[R] Saving fits (glm, nls) without data
David Winsemius
dwinsemius at comcast.net
Tue Sep 7 21:16:49 CEST 2010
On Sep 7, 2010, at 2:53 PM, Johann Hibschman wrote:
> David Winsemius <dwinsemius at comcast.net> writes:
>
>> On Sep 7, 2010, at 11:02 AM, Johann Hibschman wrote:
>>> Even so, I would prefer to only save the coefficients
>>
>> Have you read through the Value section of glm's help page?
>>
>> ...and
>>
>> ?coef
>
> I have; it's easy to get the coefficients.
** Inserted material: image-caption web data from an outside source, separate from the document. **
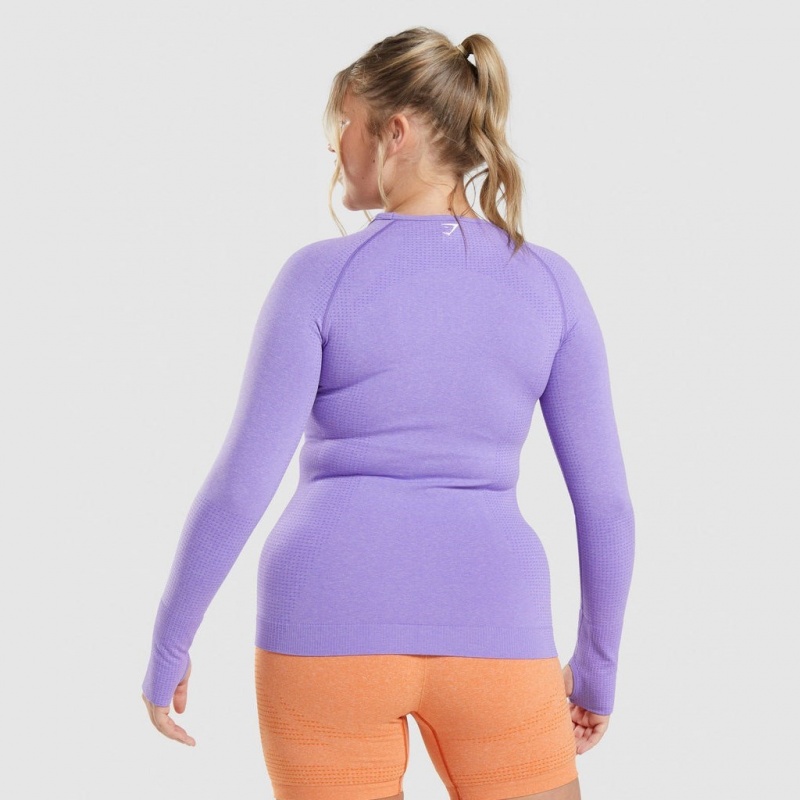 μπλουζακια Gymshark Vital Seamless 2.0 Long Sleeve μωβ | 675GIXNFA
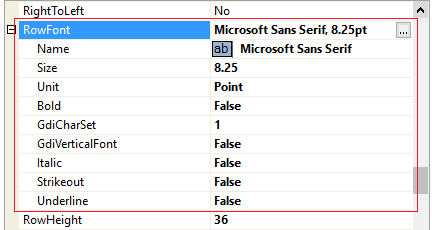 RowFont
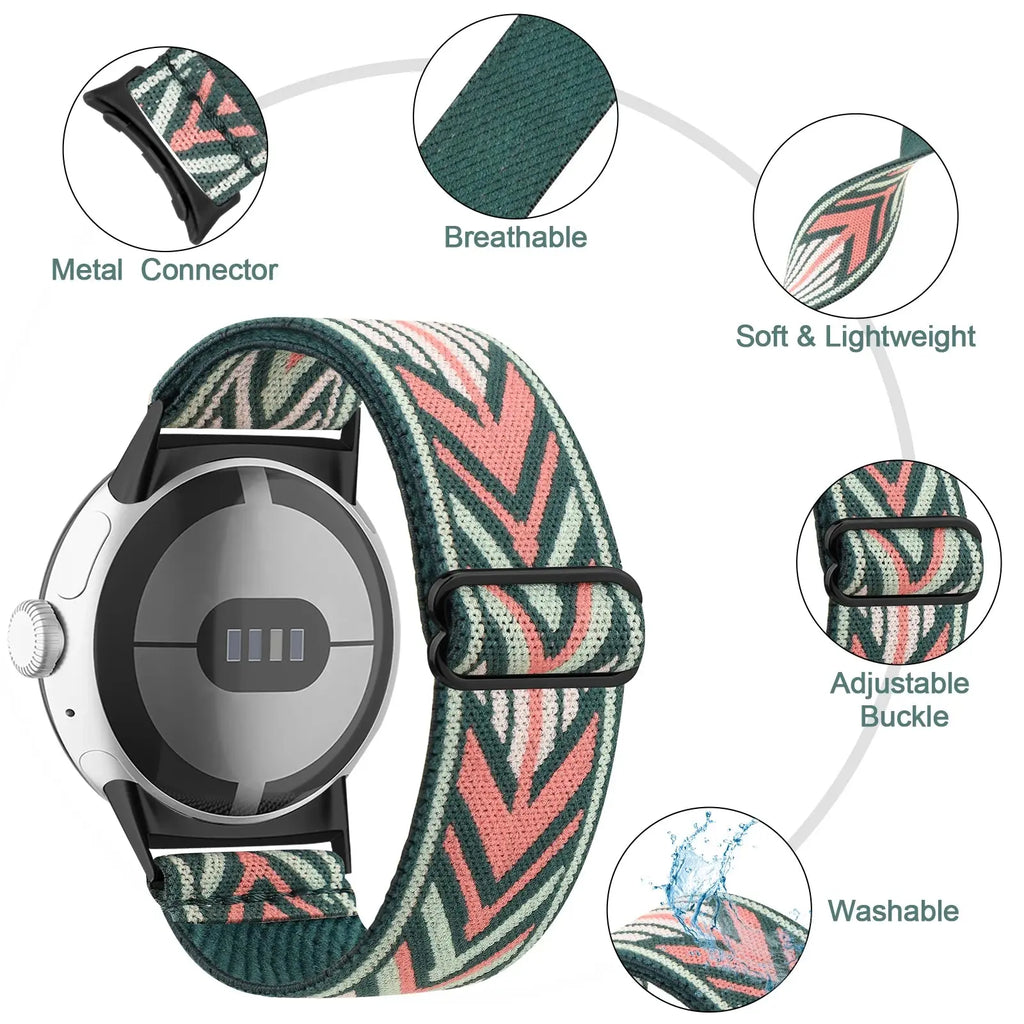 Elastic Nylon Adjustable Strap for Google Pixel Watch – Comfortable and Flexible Wristband STRAPS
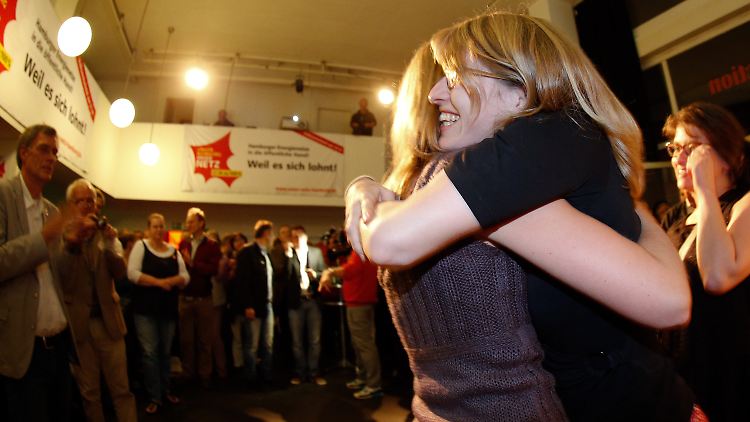Unterstützer der Initiative "Unser Hamburg Unser Netz" jubeln bei der Wahlparty der Unterstützer des Volksentscheids.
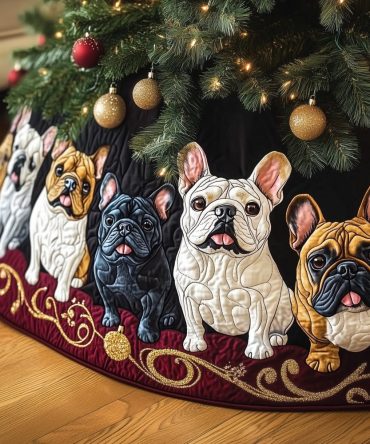 Cozy Fawn & French Bulldog Holiday Tree Skirt — Made-To-Order Plush Round Skirt For Christmas Trees, Custom Sizes Available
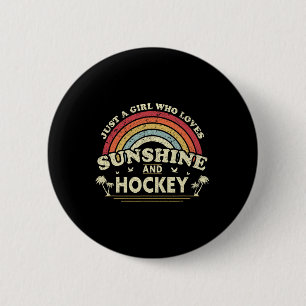 Chapa Redonda De 5 Cm Hockey . Sólo Un Chica Que Ama El Sol Y El Hockey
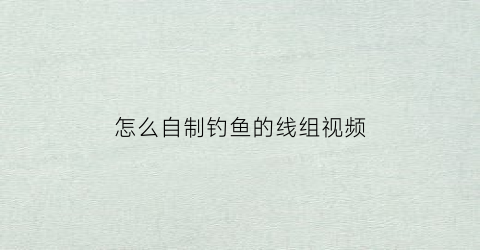 怎么自制钓鱼的线组视频(怎样制作鱼线钓组视频)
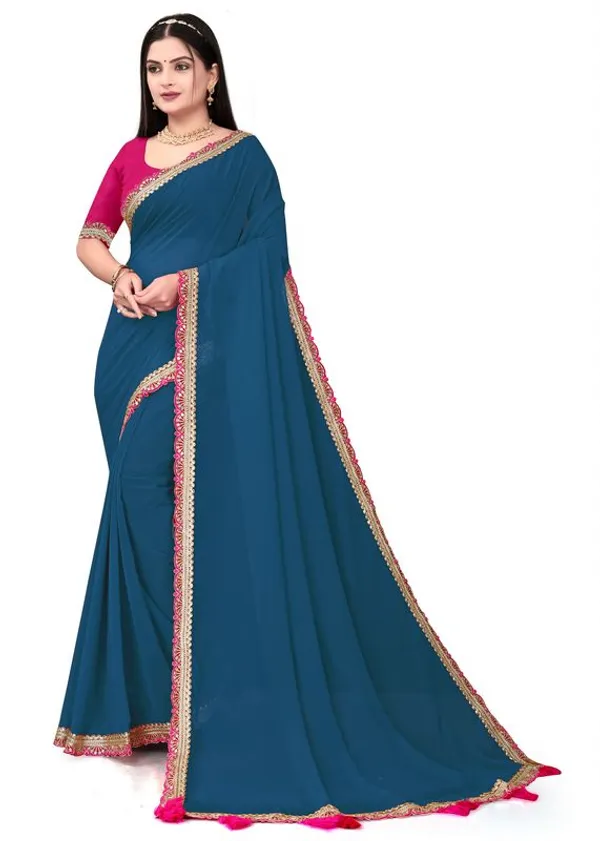 Fashion_Day_Solid/Plain_Bollywood_Georgette_Saree_(Blue)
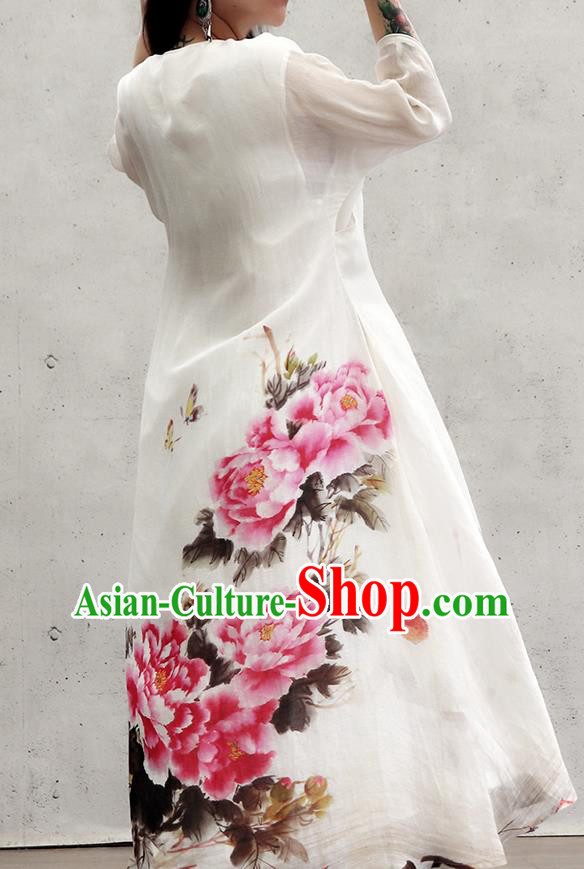 Chinese National White Loose Cheongsam Female Costume Traditional Ink Painting Peony Qipao Dress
The part I'm struggling
> with
> is reconstituting an operational glm object given the coefficient
> vector
> and the formula.
>
> Really, I was hoping that someone had already done this work, so I
> could
> stop trying re-create the right kind of term object, while making sure
> it doesn't hold on to a pointer to an environment with a lot of data
> in
> it, etc., etc..
I was assuming you could take all the code work that was already
tested and trim out the non essential code and arguments let it work
on a new class.
>
>> The predict.glm function is visible so you can just type its name to
>> see the code. It appears that the section of the code that does the
>> work is fairly short. This is my nomination for what happens in most
>> cases:
>
>> if (!se.fit) {# not generally invoked with se.fit=TRUE
if (missing(newdata)) { # forgot this clause in first post
>> }
>> else {
>> pred <- predict.lm(object, newdata, se.fit, scale = 1,
>> type = ifelse(type == "link", "response", type),
>> terms = terms, na.action = na.action)
>> switch(type, response = {
>> pred <- family(object)$linkinv(pred)
>> }, link = , terms = )
>> }
>
> I agree. That reduces the problem to confecting a working lm object,
> given a formula and coefficients. Unfortunately, I haven't yet
> figured
> out how to do that.
And I was thinking one would start with the glm object and just set
the unnecessary leaves of the list to NULL.
>
>> So maybe you should write a predict function that would work on a
>> reduced glm object that has a class name of your choosing.
>
> I'm trying to get this to work, but I haven't figured out yet how to
> generate the X matrix properly from the formula and the coefficients.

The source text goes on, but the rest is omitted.